+++ PROVIDED DATA

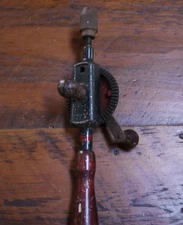 Vintage CRAFTSMAN Red Wheel Steel Wooden Handle Egg Beater Manual Hand Drill 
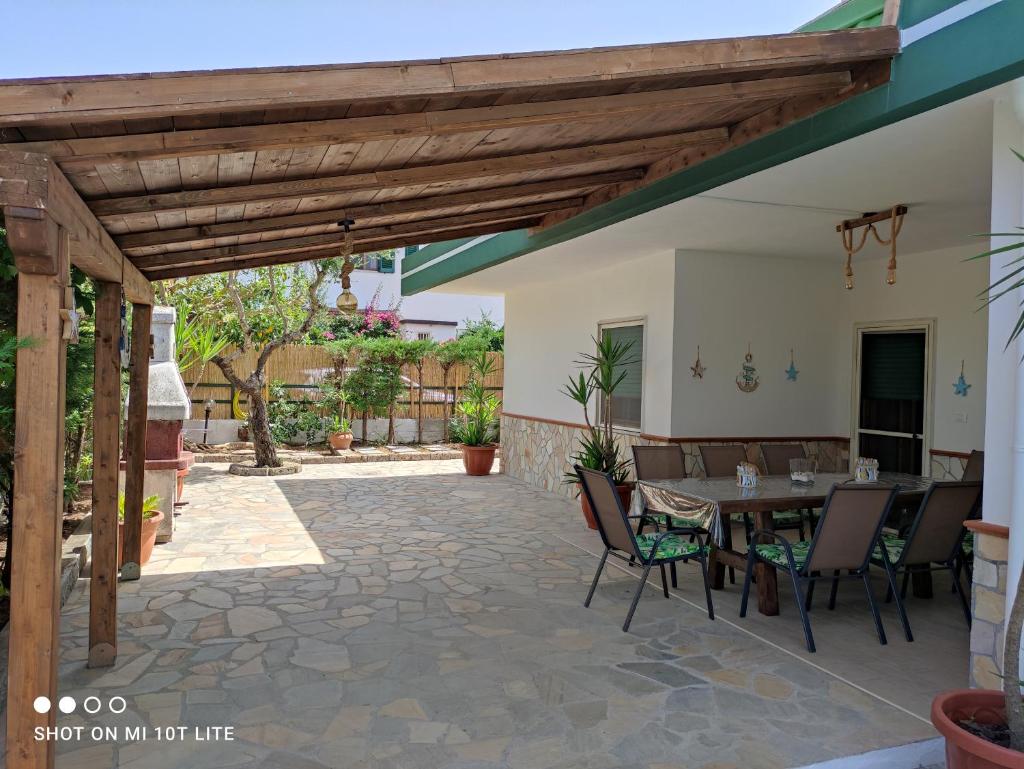 un patio extérieur avec une table et des chaises dans l'établissement Villa Max, à San Nicola Arcella
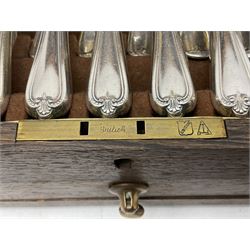 Twelve place setting canteen of cutlery by Lee & Wigfull Ltd, cased in an oak  chest, with key, meat carvers are missing, H18cm, L44cm 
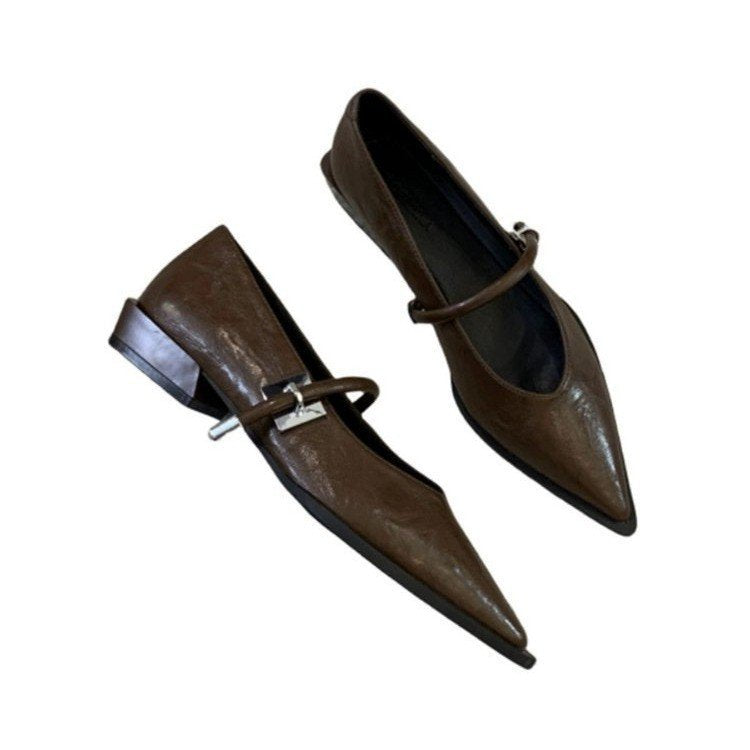 Damen elegante Ballerinas mit zeitgemäßem Riemchen und spitzem Design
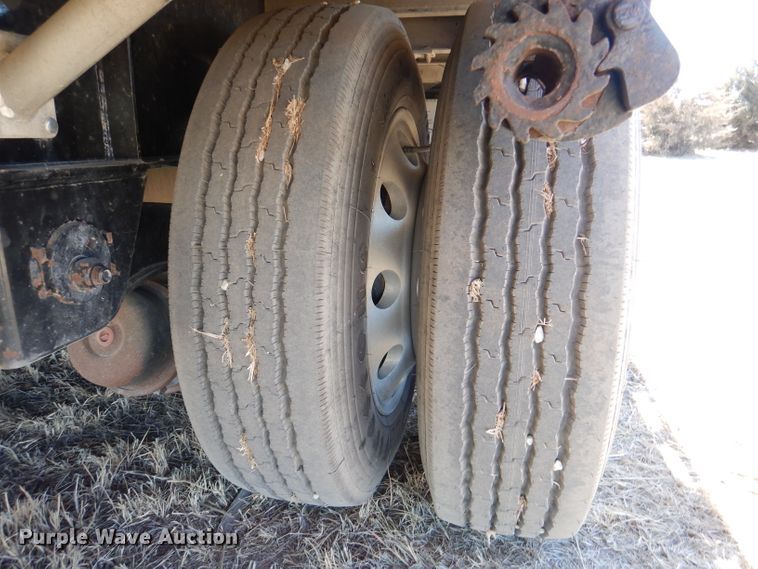 image for item DR0867 2004 Wilson CFD900  drop deck trailer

++++++

(TO DO)
Print the whole listing exactly, please, and keep any images out of it.

(TASK RESPONSE)
 Vintage CRAFTSMAN Red Wheel Steel Wooden Handle Egg Beater Manual Hand Drill 
 un patio extérieur avec une table et des chaises dans l'établissement Villa Max, à San Nicola Arcella
 Twelve place setting canteen of cutlery by Lee & Wigfull Ltd, cased in an oak  chest, with key, meat carvers are missing, H18cm, L44cm 
 Damen elegante Ballerinas mit zeitgemäßem Riemchen und spitzem Design
 image for item DR0867 2004 Wilson CFD900  drop deck trailer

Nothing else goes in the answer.